■ **Records provided**:
*** Block opens ***

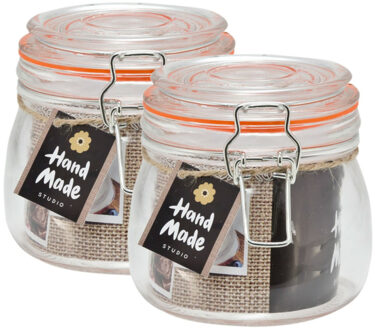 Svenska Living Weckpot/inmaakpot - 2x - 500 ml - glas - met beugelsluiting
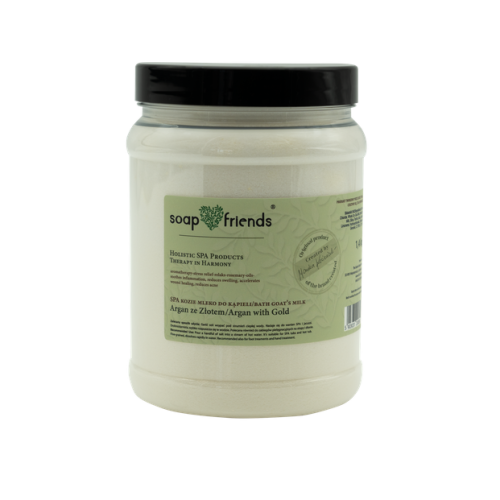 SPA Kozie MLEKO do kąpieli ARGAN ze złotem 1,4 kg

*** Block closes ***
*** Block opens ***

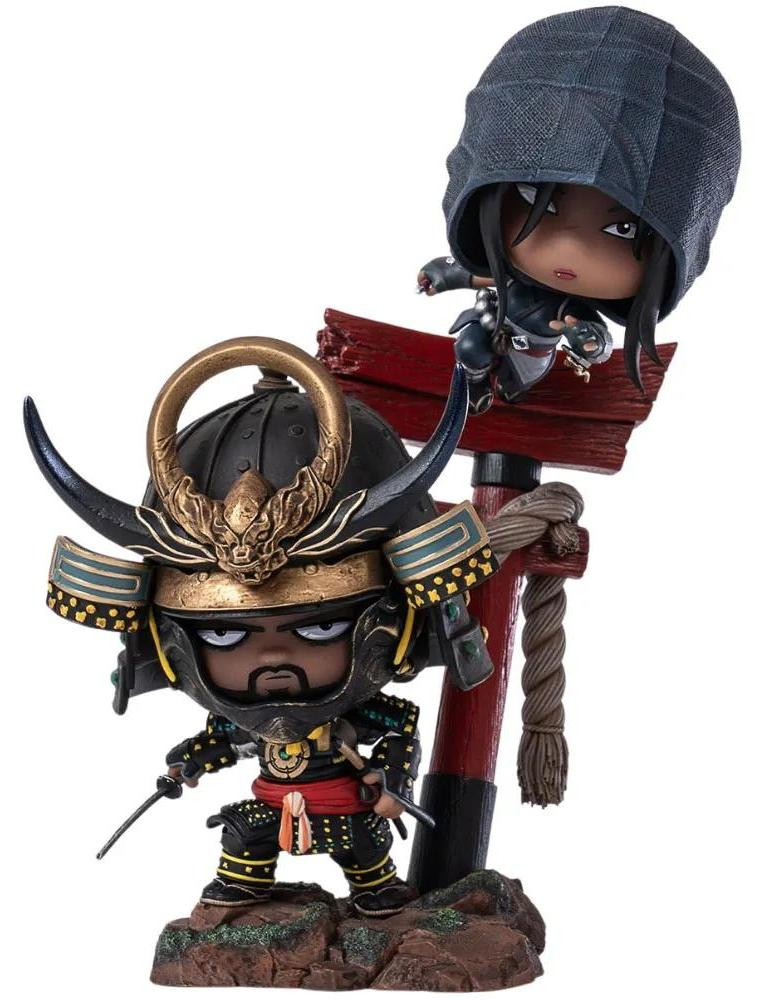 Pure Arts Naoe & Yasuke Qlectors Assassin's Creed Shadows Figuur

*** Block closes ***

■ **Task statement**:
Copy out the listing above from the line containing "Svenska Living Weckpot/inmaakpot" to the line containing "SPA Kozie MLEKO", both included, exactly as written and minus the images.

■ **Task response**:
 Svenska Living Weckpot/inmaakpot - 2x - 500 ml - glas - met beugelsluiting
 SPA Kozie MLEKO do kąpieli ARGAN ze złotem 1,4 kg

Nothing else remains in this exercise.